Officially, the Atlantic hurricane season runs from June through November, and halfway through the 2008 season, we've already seen 10 storms. Three of them - Gustav, Hanna and Ike - created havoc and headlines in just the past week. Rose Hoban takes a look at why these storms form.
Ryan Boyles, North Carolina's state climatologist, says there are a few essential ingredients to make a hurricane, starting with warm water. "Very warm water. It's that warm water that fuels everything."
By the end of summer in the Northern hemisphere, oceans are warm enough that water evaporates like crazy. It rises up and makes big puffy clouds. Those thunderheads can make a storm, but alone, they're not enough to stir up a hurricane.
Boyles says the atmosphere has to be just right. For one thing, it can't be too windy. "If you take a dandelion and you blow on it, it blows off," he points out, comparing that to what can happen in the upper atmosphere. "Imagine high winds in the upper part of atmosphere blowing the cloud tops off of a hurricane… the thunderstorms can develop but they can't get organized."
So, how do they get organized? Meteorologist Matt Parker, an associate professor at North Carolina State University, explains that for a hurricane to form, you need spin. He uses a person standing on the earth as an example. "If you could go stand on the North Pole, as the planet turns, you'd be spinning like a top. And if you could go stand on the equator, you wouldn't be spinning like a top. You'd be doing something more like when a diver does a full somersault or some such thing."

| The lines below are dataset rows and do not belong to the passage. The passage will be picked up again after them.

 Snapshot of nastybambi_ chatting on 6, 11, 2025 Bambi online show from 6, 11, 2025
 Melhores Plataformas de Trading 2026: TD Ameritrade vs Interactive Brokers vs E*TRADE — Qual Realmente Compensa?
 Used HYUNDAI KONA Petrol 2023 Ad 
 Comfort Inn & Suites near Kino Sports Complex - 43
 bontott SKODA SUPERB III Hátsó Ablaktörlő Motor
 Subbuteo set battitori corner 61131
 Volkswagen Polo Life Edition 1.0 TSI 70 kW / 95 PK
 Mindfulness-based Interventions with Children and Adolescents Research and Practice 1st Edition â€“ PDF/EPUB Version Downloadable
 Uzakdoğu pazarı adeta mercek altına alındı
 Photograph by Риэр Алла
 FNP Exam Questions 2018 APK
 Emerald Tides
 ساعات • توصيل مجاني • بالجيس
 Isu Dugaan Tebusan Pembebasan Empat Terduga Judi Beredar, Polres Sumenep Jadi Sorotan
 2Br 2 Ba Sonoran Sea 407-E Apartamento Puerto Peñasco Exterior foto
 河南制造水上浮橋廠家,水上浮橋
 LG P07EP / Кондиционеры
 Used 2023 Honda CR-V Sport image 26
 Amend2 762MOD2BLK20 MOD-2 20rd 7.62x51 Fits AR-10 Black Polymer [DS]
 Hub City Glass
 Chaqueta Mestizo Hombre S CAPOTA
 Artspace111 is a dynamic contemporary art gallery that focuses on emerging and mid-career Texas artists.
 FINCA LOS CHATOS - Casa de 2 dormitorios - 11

Hurricanes can't form right at the equator, because there's no spin. But as you move away from the equator and closer to the poles, you begin to get more spin.
And clouds? Floating above the earth? They would really prefer to move in a straight line. But they end up traveling around a curve instead, because the earth's spin causes them to swirl around. As the clouds spin, they suck more water out of the ocean.
But even with all that, you still need something to get it all started. Disturbed weather. And in the Atlantic, says NC State meteorologist Anantha Aiyyer, most of the disturbed weather systems come off the west coast of Africa.
Aiyyer spends a lot of time looking at weather in the Cape Verde islands; they lie about 500 kilometers west of North Africa. He says a lot of Atlantic storms form there. "These storms actually are very robust, essentially a collection of thunderstorms that form over land, over Africa, and they cluster together. And these clusters, when they go over the ocean, they rapidly organize themselves into a hurricane."
And it turns out Cape Verde Islands sit in just the right spot for hurricane formation: far enough away from the equator to put some spin into the clouds, close enough to the equator so there's lots of warm water.
And our recipe for a hurricane is complete… until that warm water is removed. Climatologist Ryan Boyles points out, "Take it away and the hurricanes fall apart. Which is exactly why as soon as they move inland and they are removed from that warm water source they tend to degrade very quickly."
Boyles says those Cape Verde storms can pack a punch. Some of them were the biggest storms of the century - Fran, Floyd, Hugo, Ivan… and now Ike could join their deadly ranks.